Thursday, June 16, 2011

Leading From Possibility

WHAT EVER HAPPENED TO ‘THANK YOU’ AND ‘YOU ARE WELCOME’?

For a while now, I have been noticing something that is quite peculiar.  It has to do with how people respond to compliments or being thanked for something that they did or a way they are looking.  For instance, when a colleague thanks you for your taking her place at a meeting that she was assigned to attend but could not because of a case emergency, what do you say?    Is it ‘No Problem?’ or  ‘I didn’t have anything else to do during that hour’.  And when someone compliments you on a new tie or a great pair of shoes, do you respond with, “Oh, I’ve had these for a while,” or “do you really like it?”

I want to know whatever happened with the old fashioned, “Thank you very much,” or “ You are most welcome.”  What is with this “NO PROBLEM” response?  Do you realize that there are two negatives in this phrase?  The negative is the word ‘NO’ and the second is the word “PROBLEM.  How odd of us to respond with a double dose of negatives when someone is complimenting or thanking us?  Where is our sense of civility and genteelness?   I want to bring it back, or if we never had it, start generating it.  Right now.

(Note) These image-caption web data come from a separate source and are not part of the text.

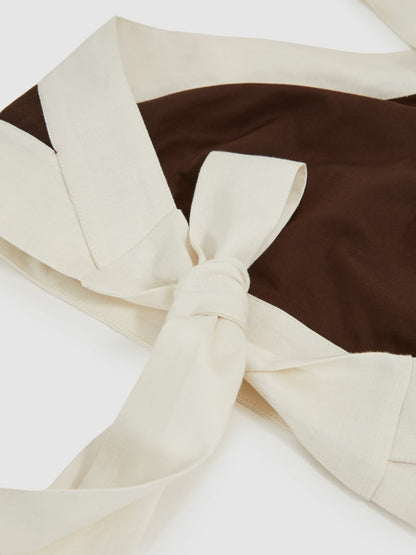 Linen Halterneck Cropped Top in Chocolate/Cream | Reiss Women Recommended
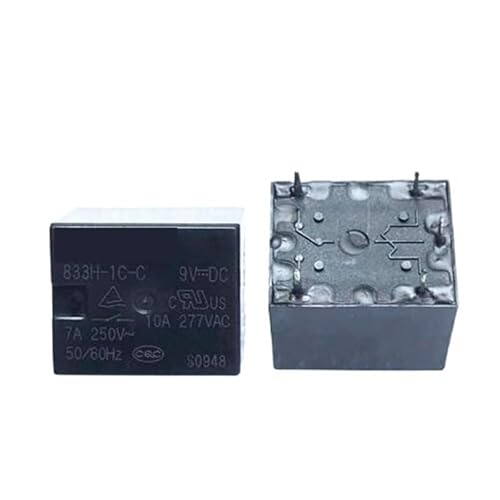 9V Relay 833H-1C-C-9VDC 833H1CC9VDC 833H 1C C 9VDC 10A 5PIN NWPNLXEA(One Size) von NWPNLXEA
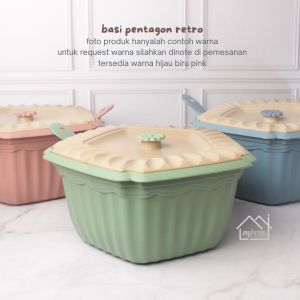 BASI SAYUR PLASTIK/TEMPAT SAYUR PENTAGON MURAH (SATUAN) wadah sayur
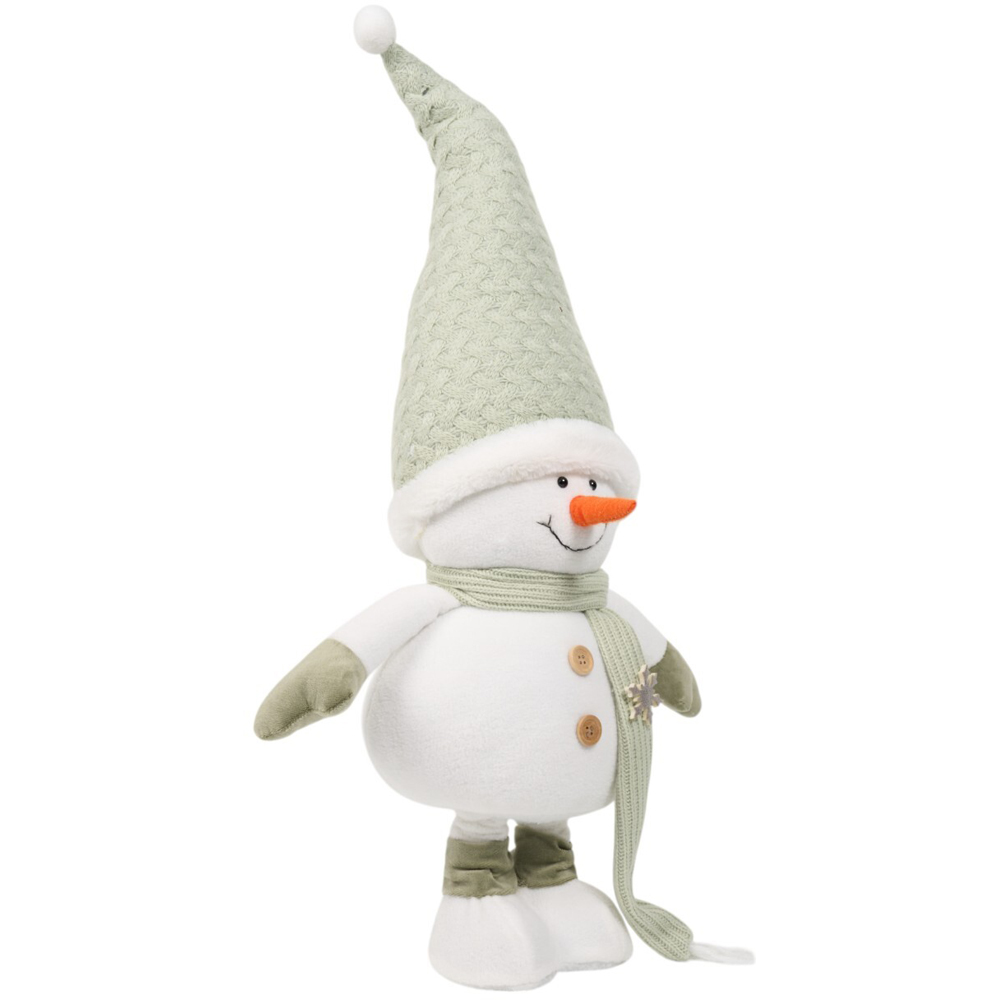 Extendable Cosy Sage Snowman Standing Decoration - Sage and White Image 2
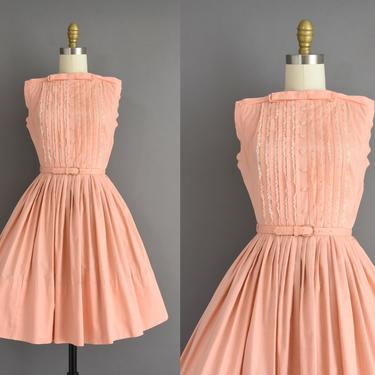 vintage 1950s dress | Peach Pink Cotton Sweeping Full Skirt Summer Dress | XS | 50s vintage dress 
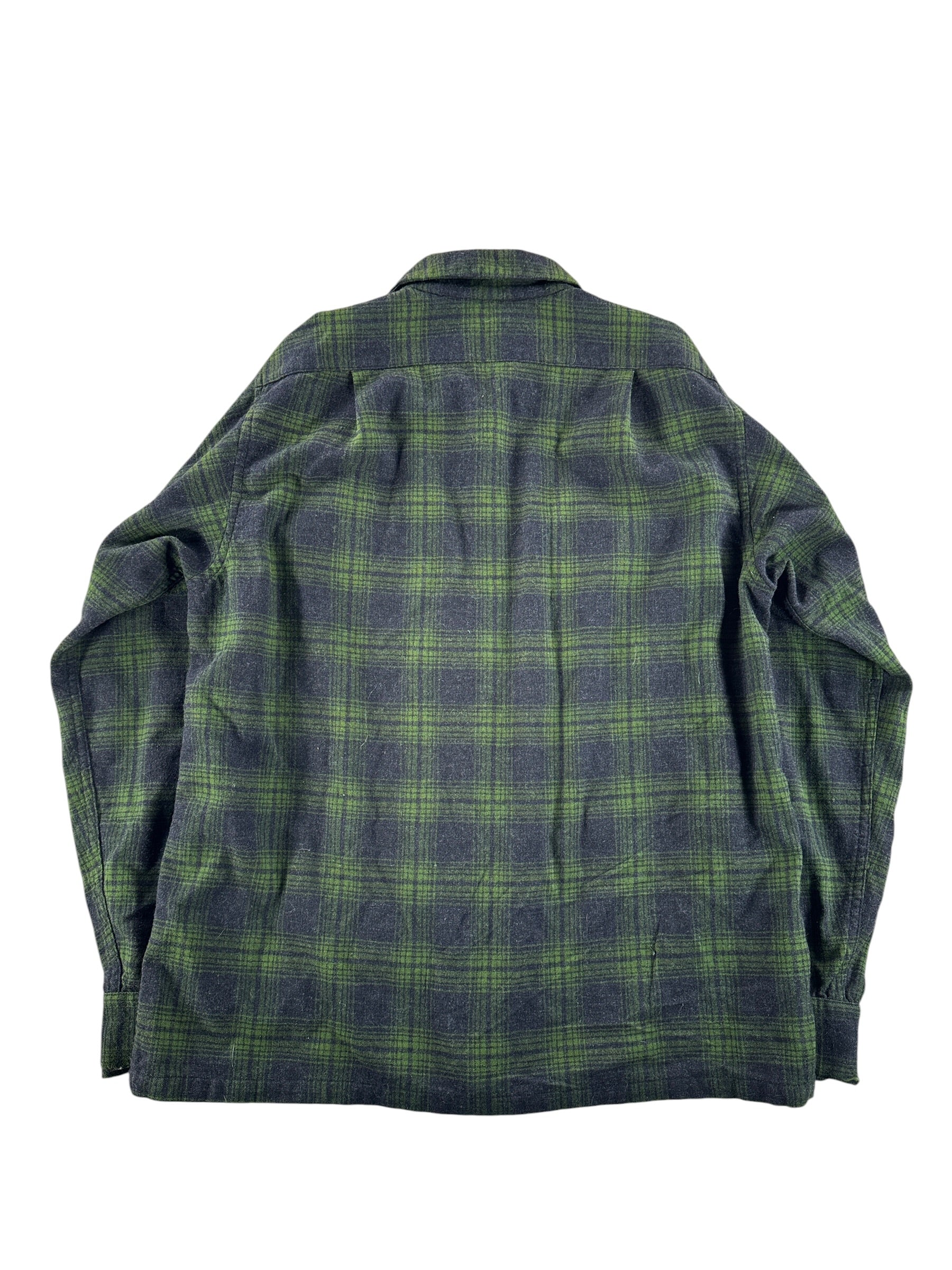 Back of Vintage Pendleton Green Shadow Plaid Board Shirt SZ M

With this in mind, I want to thank our great NASW members for all that they do. Thank you! For choosing social work for your  profession when  you could have  chosen a more lucrative,  often less stressful career, for supporting communities in reaching the goals they have set, for putting your caring into practice rather than keeping it solely in words, for being part of NASW so that your professional organization can represent you and the clients you serve in the legislature, and other governmental and private settings that influence public policy.  Thank you for what you do and for your dues.  And thank you most of all for giving me a great job, where every day when I come up on the elevator I enter Suite 409 at 14 Beacon Street, Boston, with a big smile on my face.  Thank you.